To do:
Output the whole listing exactly, except for the pictures in it.

Recorded data:
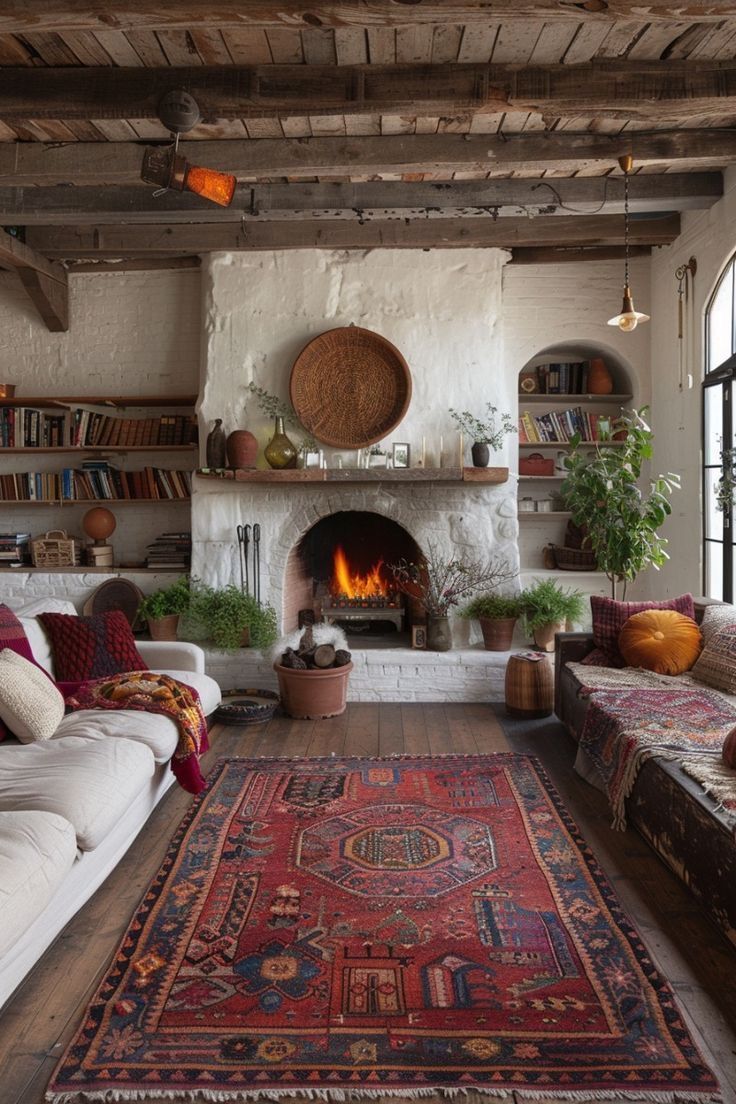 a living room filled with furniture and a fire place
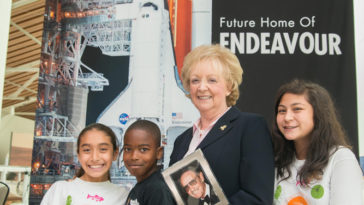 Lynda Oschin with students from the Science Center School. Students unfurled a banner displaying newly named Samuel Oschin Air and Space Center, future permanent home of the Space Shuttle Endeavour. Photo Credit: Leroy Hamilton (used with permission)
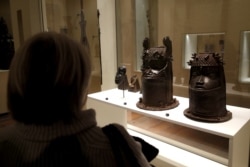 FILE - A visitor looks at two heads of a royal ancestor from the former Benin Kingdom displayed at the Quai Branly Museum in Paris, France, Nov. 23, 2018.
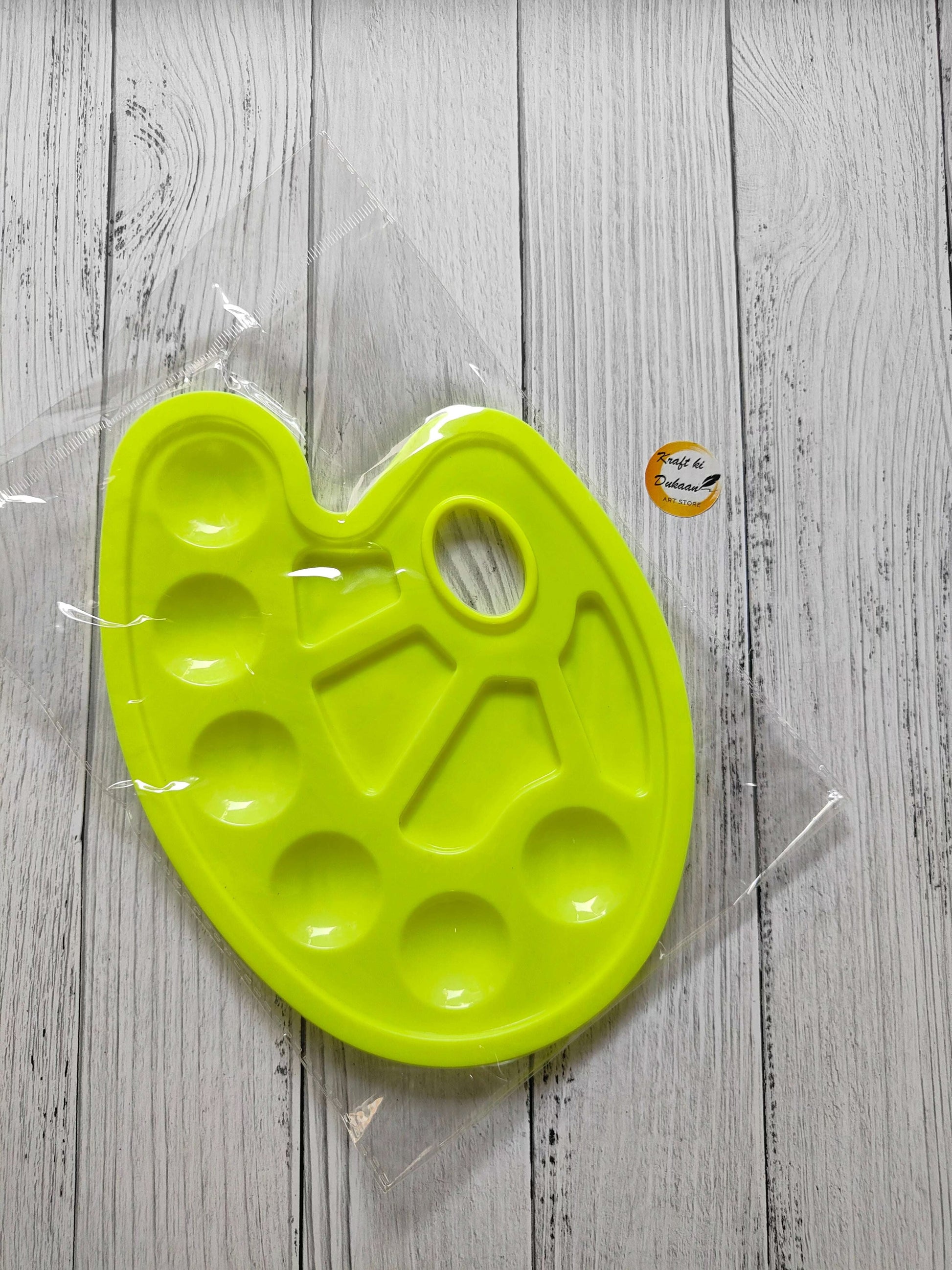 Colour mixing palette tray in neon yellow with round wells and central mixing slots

Answer section:
 a living room filled with furniture and a fire place
 Lynda Oschin with students from the Science Center School. Students unfurled a banner displaying newly named Samuel Oschin Air and Space Center, future permanent home of the Space Shuttle Endeavour. Photo Credit: Leroy Hamilton (used with permission)
 FILE - A visitor looks at two heads of a royal ancestor from the former Benin Kingdom displayed at the Quai Branly Museum in Paris, France, Nov. 23, 2018.
 Colour mixing palette tray in neon yellow with round wells and central mixing slots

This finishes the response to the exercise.